*Description of the task*
Reproduce every record below exactly, without the pictures.

*Study material*
________
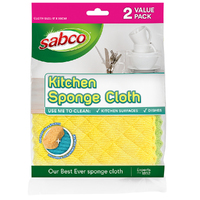 4pc Sabco Kitchen Sponge Cloth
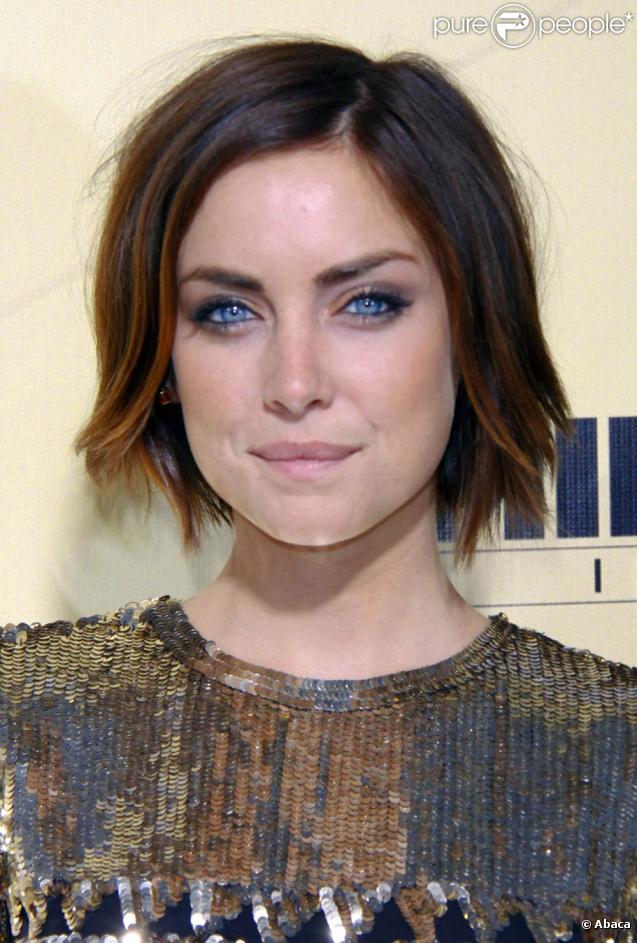 Jessica Stroup, lors de l'avant-première d' Extract , de Mike Judge, à l'ArcLight Theatre d'Hollywood, à Los Angeles, le 24 août 2009 !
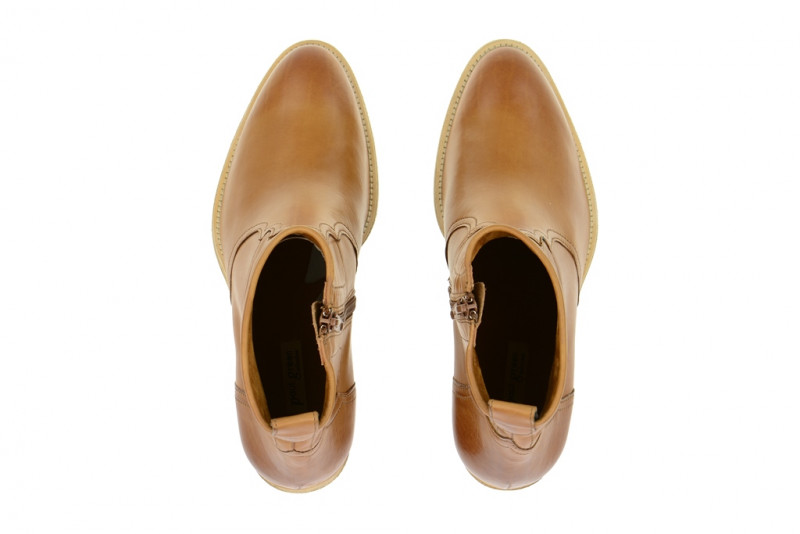 Paul Green - Western Stiefeletten - cuoio hellbraun - 8351-043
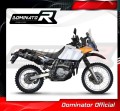 wydech tłumik DOMINATOR MX2 CZARNY pasujący do motocykla Suzuki DR 650SE 1997 - 2009 4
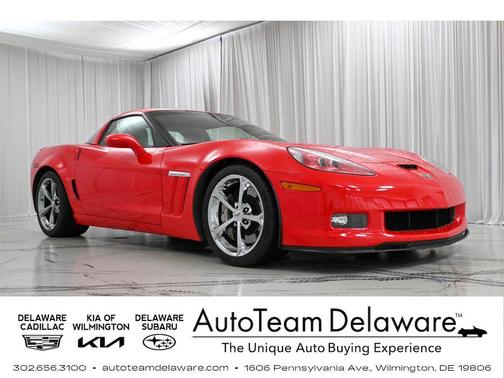 2011 Chevrolet Corvette Grand Sport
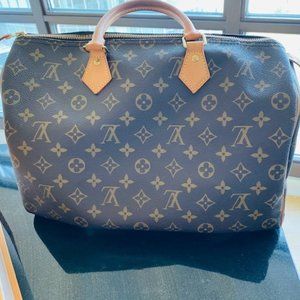 Beautiful Louis Vuitton Speedy 35  Monogram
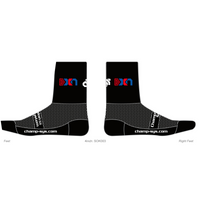 Knit Socks (High Cuff 4")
________
*Reply to the exercise*
 4pc Sabco Kitchen Sponge Cloth
 Jessica Stroup, lors de l'avant-première d' Extract , de Mike Judge, à l'ArcLight Theatre d'Hollywood, à Los Angeles, le 24 août 2009 !
 Paul Green - Western Stiefeletten - cuoio hellbraun - 8351-043
 wydech tłumik DOMINATOR MX2 CZARNY pasujący do motocykla Suzuki DR 650SE 1997 - 2009 4
 2011 Chevrolet Corvette Grand Sport
 Beautiful Louis Vuitton Speedy 35  Monogram
 Knit Socks (High Cuff 4")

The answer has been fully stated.